Start of SUPPLIED DATA

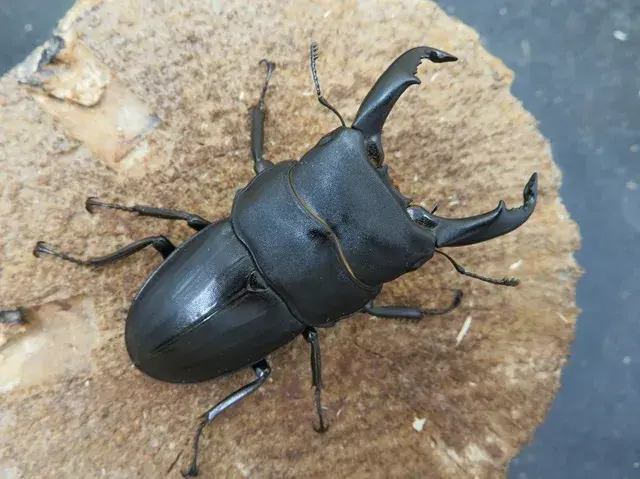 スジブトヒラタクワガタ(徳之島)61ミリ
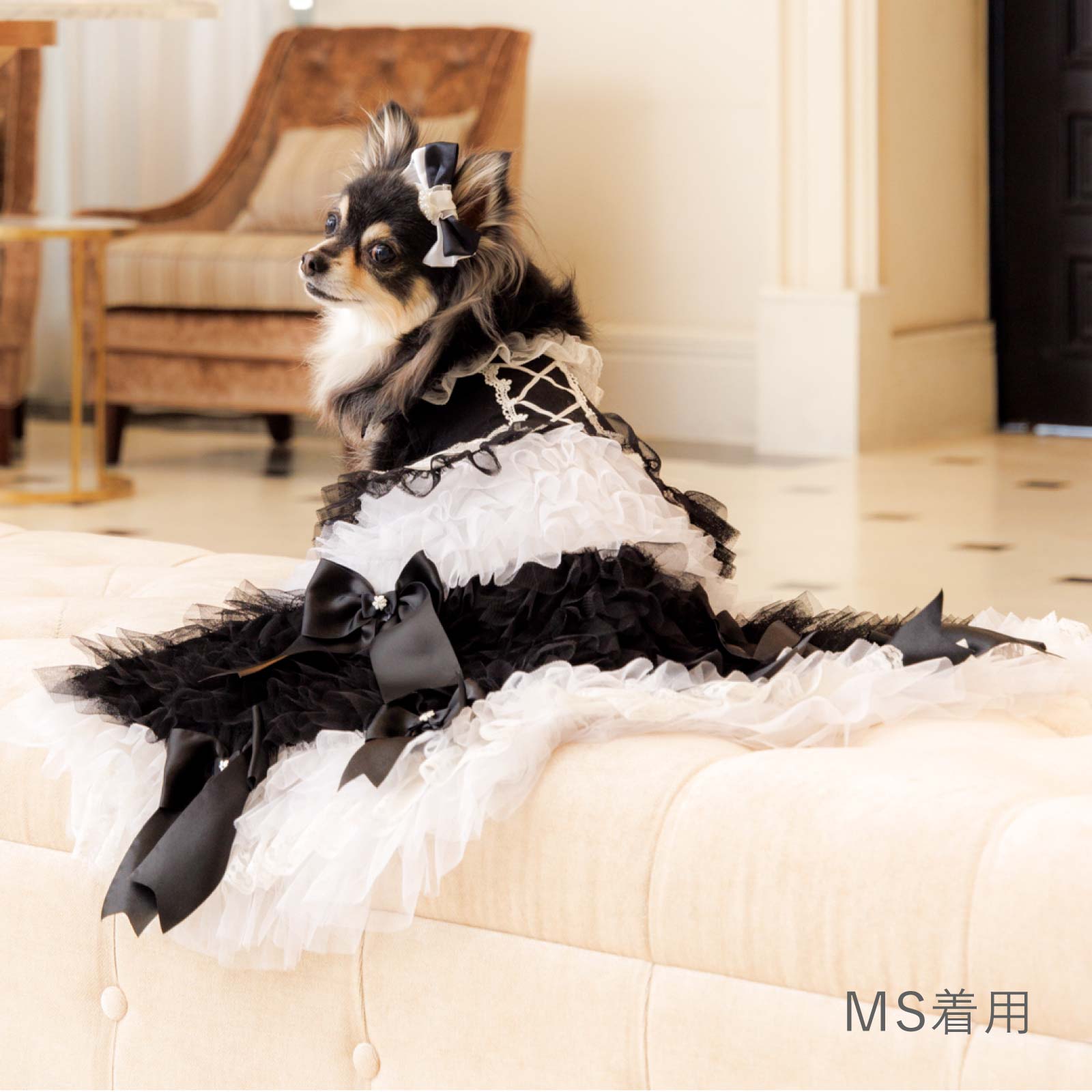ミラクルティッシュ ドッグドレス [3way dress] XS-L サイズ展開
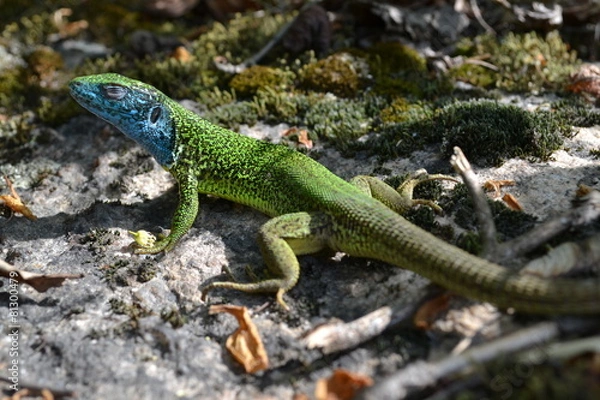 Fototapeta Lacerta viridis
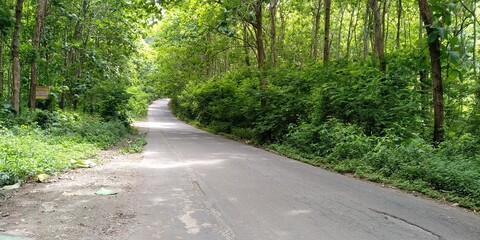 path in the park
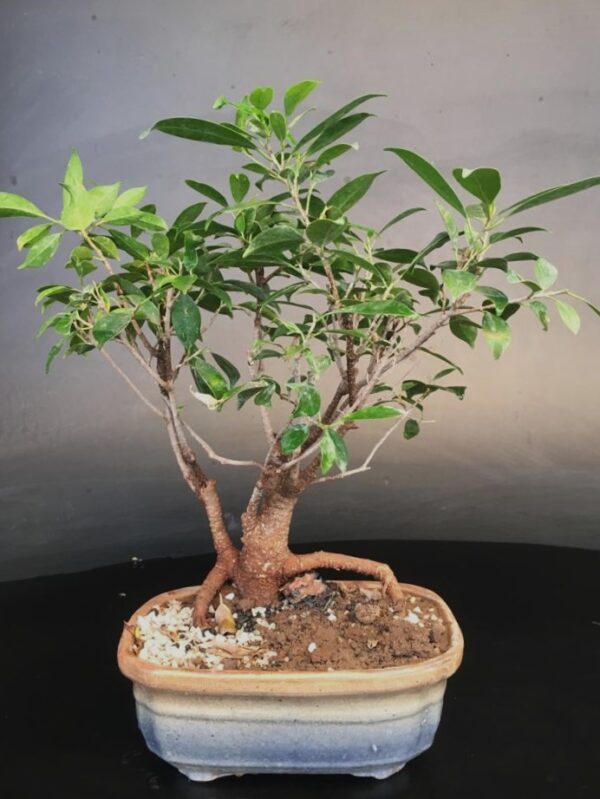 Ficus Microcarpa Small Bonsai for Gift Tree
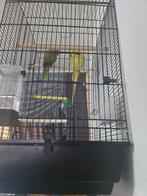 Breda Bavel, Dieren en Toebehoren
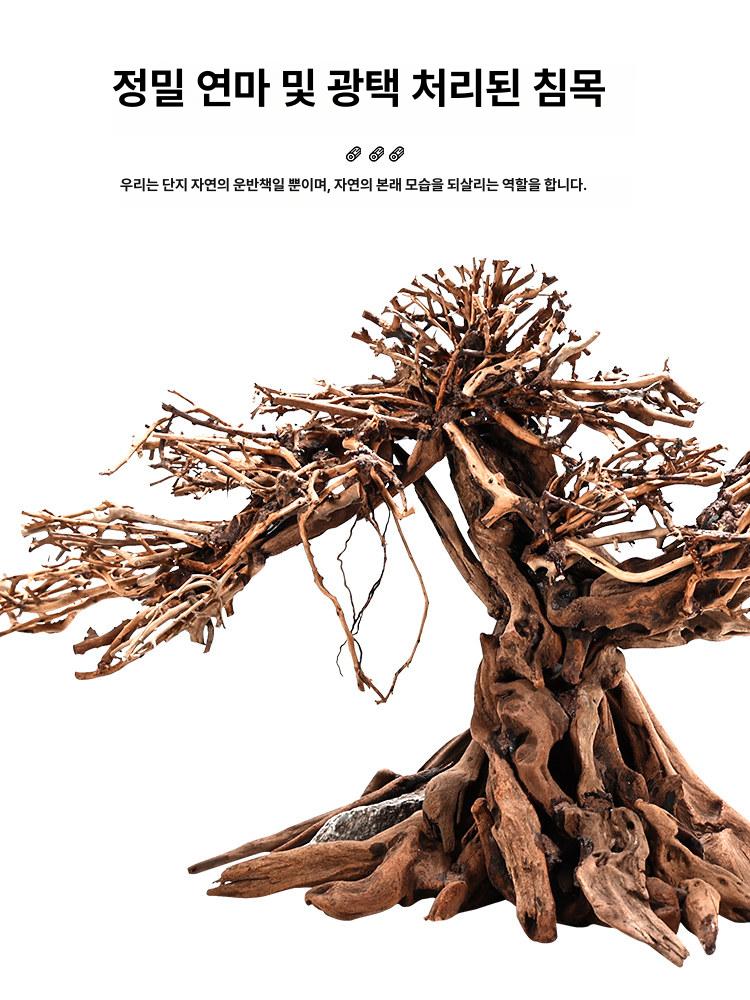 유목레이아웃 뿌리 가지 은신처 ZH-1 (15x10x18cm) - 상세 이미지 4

End of SUPPLIED DATA

Set the pictures aside and transcribe the data above exactly.

— WRITTEN RESPONSE —
 スジブトヒラタクワガタ(徳之島)61ミリ
ミラクルティッシュ ドッグドレス [3way dress] XS-L サイズ展開
 Fototapeta Lacerta viridis
 path in the park
 Ficus Microcarpa Small Bonsai for Gift Tree
 Breda Bavel, Dieren en Toebehoren
 유목레이아웃 뿌리 가지 은신처 ZH-1 (15x10x18cm) - 상세 이미지 4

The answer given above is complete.